Driving simulator shows dangers of drinking, texting behind wheel
By Graig Graziosi
The student driver, peering through blurred vision, threw her hands up in resignation as her car plowed into the back of a parked city bus.
Luckily for the driver, the crash was a part of a virtual driving simulator recently purchased by the Campbell school district and the city of Campbell.
The simulator – located in the library of Campbell Memorial High School – is meant to help educate students on the hazards of impaired and distracted driving and also provide a safe environment for students to practice aspects of driving.
Students using the simulator sit in a mock driver’s seat, complete with a steering wheel, gas and brake pedals and a wide-screen monitor that mimics the view from behind a windshield.
Campbell Police Chief Dennis Puskarcik said he became aware of the simulator after meeting Dom Tiberi, a media personality from Columbus whose daughter died in a distracted driving accident in 2013 and who now advocates for better driving education for young people.
Puskarcik pitched the idea of the simulator to the Campbell school board and the city, and the entities agreed to purchase the $13,000 system.
“If it means saving even one life, I think the $13,000 is a worthy investment,” Puskarcik said. The simulator was paid for in part by donations from city residents.
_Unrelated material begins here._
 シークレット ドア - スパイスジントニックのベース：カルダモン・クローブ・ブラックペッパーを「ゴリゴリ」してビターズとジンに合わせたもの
The simulator includes almost 50 miles of virtual road and currently runs three “lessons” – a driving practice scenario, an impaired-driving scenario that simulates drunken driving and a distracted-driving scenario that prompts drivers to try to text while they drive – but additional lessons can be added to the program.
Deena Diamandis, 17, attempted the distracted-driving scenario.
“It’s realistic because it does distract you while you’re trying to send the text message,” she said. “I like this because my driving test was really simple, but this lets me drive under specific situations that I couldn’t in real life.”
On the wall next to the simulator are posters promoting safe driving practices, all designed by Brad Yeager, school principal. He was pleased with the partnership between the city and the school, and hoped the tool would aid in keeping young drivers safe on the road.
“This approach lets the students learn from real situations they can experience while driving,” Yeager said. “When it comes to keeping our students safe, I’d much rather be proactive than reactive.”